During one demo I offered to hold the
placard of a Trotskyite colleague for 5 minutes, whose politics
were too extreme for me but I could see the wind was blowing
the placard and he was tiring. Later that year we had to
do a book about the unacceptable face of union power - we were in Thatcher years now - and
a friend from the hardback studio came in with the photo
of a typical militant hard case Trotskyite union activist
he'd researched from a picture library. Yes it was me photographed
during that small 5 minutes of holding the placard and the
police obviously thought I was a hard leftie.
Then during the miner's strike I was at the famous big demo
at Trafalgar, standing on the railings as pickets and police
fought at my feet, taking photos of it all, really for the
excitement and some good action shots. There was a stand-off
and a gap between two groups held back by police cordons along
Whitehall. For some reason I was not stopped as I wandered
up and down in this huge empty space of Whitehall, taking shots.
I even got right up within touching distance close to the police
and march organisers as they stood nose to nose in tense negotiation
and reeled off some shots which I still have.
Later that week City Limits magazine (a breakaway mag from
Time Out) reviewed the march with particular criticism for
the way march photographers had been attacked by the police
while the official police photographer was given free space
to roam as he felt. They got it wrong as being me.
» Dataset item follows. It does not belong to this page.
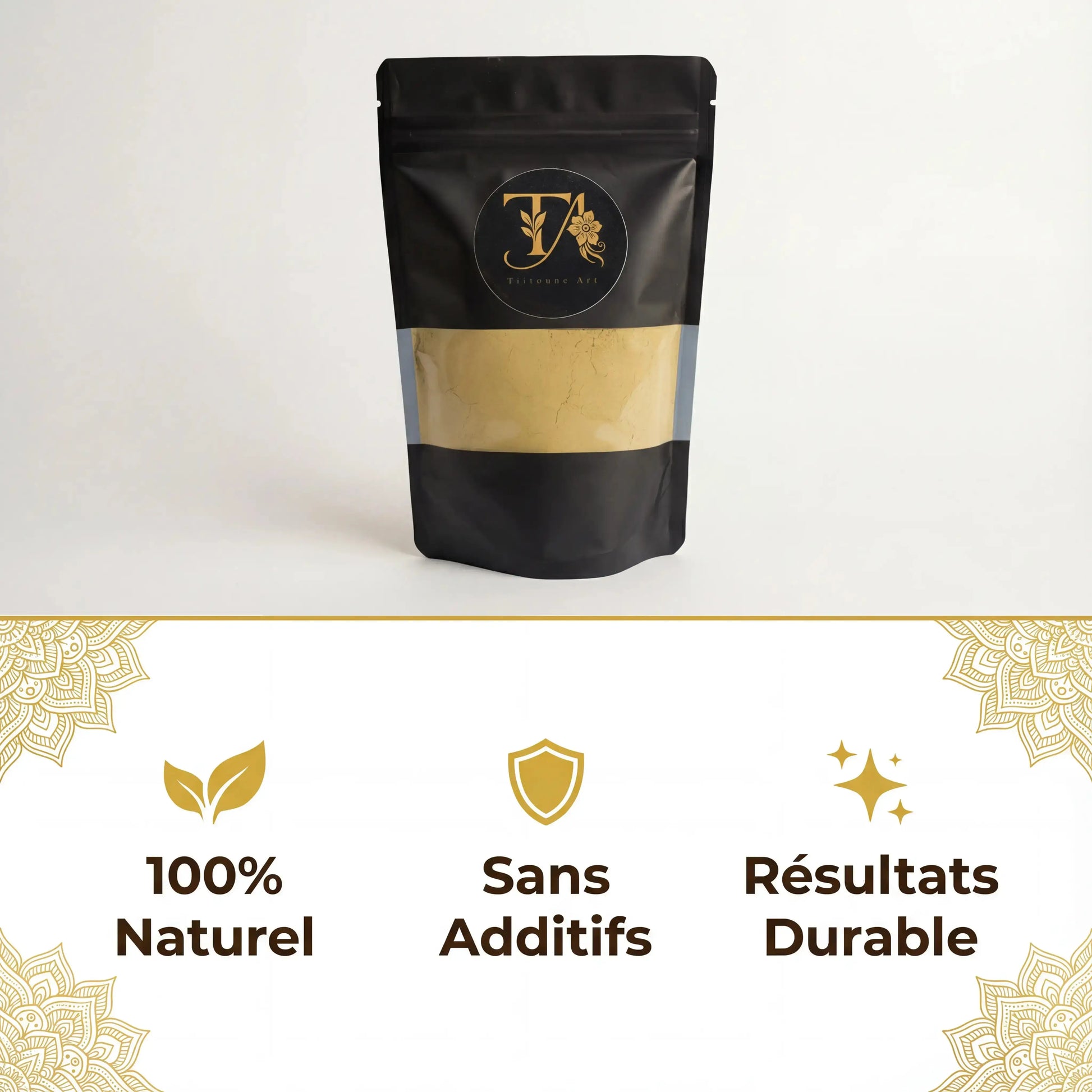 Henné en poudre 100% naturel – Coloration végétale cheveux Tiitoune art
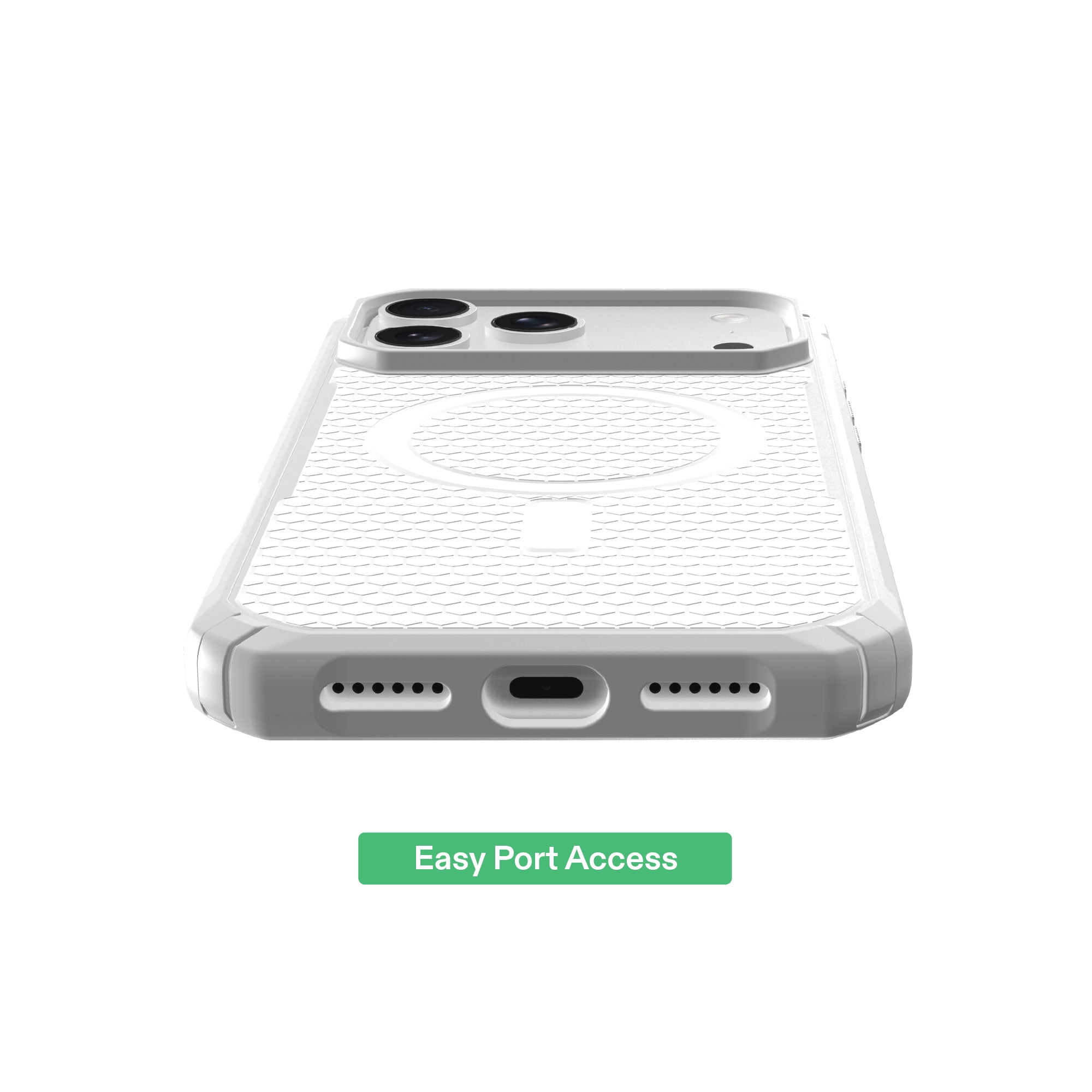 onn Honeycomb Dual-Layer Phone Case for iPhone 18 Pro / 17 Pro, MagSafe Compatible - White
So this
time, vice versa, the lefties thought I was police. It's par
for the course in my life. O lucky man.
Betty and I bought a house in Luton in 1980 and commuted in
every day in my Beetle. It was a huge strain and added sometimes
another full days slog on to a days work if there was bad weather
or there'd been an accident. I count something like 5 windscreen
shatterings which had to be punched out as I drove, one petrol
run-out with a faulty gauge as I was overtaking a bus uphill
and with an articulated lorry close behind in heavy rain, and
one back wheel on fire as I was doing 70mph, tipped off by
a passing driver who hooted and casually pointed at my back
wheel with a smile.
In Penguins I was rubbing shoulders with the progeny of politicians
and heavyweight academics and the upper middle classes. Great
in one way but I felt more and more socially inadequate, the
poor boy up from the sticks and although my design work was
ok there were constant upheavals and intrigue within the company.
The commuting took its toll and things became unpleasant between
Betty and me. We split and sold the house in 1985.
I went into the worst mental breakdown I've had then and almost
went back to the streets. Betty managed to buy a small flat
and though we saw each other for about 6 months more, I made
a decision to make the separation more final and haven't seen
or spoken since. Popular and sociable, I'm sure she has done
well. We never had children and have no regrets as I would
hate them to become used like tennis balls or treated like
property as their parents argued.
I think I've been spoilt in the girlfriends
I've had since then - though I have been pretty much celibate
since my last one about 9 years ago - a beautiful German
girl, also a designer, who eventually went back to her ailing
mum in Hamburg. It's true, the Germans do get up early - this
one at 5 a.m. with a workout before running to work at the
BBC in White City from Fitzrovia, a small rucksack on her
back.
The mental problems turned into physical
ones as I went veggie and lost masses of weight. I couldn't
actually perceive myself as too thin at the time so I think
I must have been anorexic, fit from all my cycling, but painfully
thin. I held on to the job at Penguin 'till 1986, oddly a highly
productive period, but eventually negotiated redundancy and
went freelance, commuting from a my flat in Figges Marsh, Tooting,
to a studio I shared with 2 other ex-Penguins in Chelsea.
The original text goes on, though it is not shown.